#### [Provided data]
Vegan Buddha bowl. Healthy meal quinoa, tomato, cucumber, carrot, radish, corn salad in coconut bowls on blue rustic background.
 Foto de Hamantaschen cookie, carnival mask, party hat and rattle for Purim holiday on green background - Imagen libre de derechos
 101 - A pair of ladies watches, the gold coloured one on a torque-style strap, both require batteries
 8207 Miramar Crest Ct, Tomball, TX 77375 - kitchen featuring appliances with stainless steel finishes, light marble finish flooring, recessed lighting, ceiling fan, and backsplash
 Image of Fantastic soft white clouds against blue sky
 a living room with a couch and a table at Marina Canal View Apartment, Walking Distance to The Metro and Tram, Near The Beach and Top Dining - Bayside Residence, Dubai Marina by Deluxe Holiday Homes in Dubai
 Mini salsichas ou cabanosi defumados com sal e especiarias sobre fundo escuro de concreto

#### [Your instructions]
The required output is the full set of entries, reproduced verbatim.

#### [Response area]
Vegan Buddha bowl. Healthy meal quinoa, tomato, cucumber, carrot, radish, corn salad in coconut bowls on blue rustic background.
 Foto de Hamantaschen cookie, carnival mask, party hat and rattle for Purim holiday on green background - Imagen libre de derechos
 101 - A pair of ladies watches, the gold coloured one on a torque-style strap, both require batteries
 8207 Miramar Crest Ct, Tomball, TX 77375 - kitchen featuring appliances with stainless steel finishes, light marble finish flooring, recessed lighting, ceiling fan, and backsplash
 Image of Fantastic soft white clouds against blue sky
 a living room with a couch and a table at Marina Canal View Apartment, Walking Distance to The Metro and Tram, Near The Beach and Top Dining - Bayside Residence, Dubai Marina by Deluxe Holiday Homes in Dubai
 Mini salsichas ou cabanosi defumados com sal e especiarias sobre fundo escuro de concreto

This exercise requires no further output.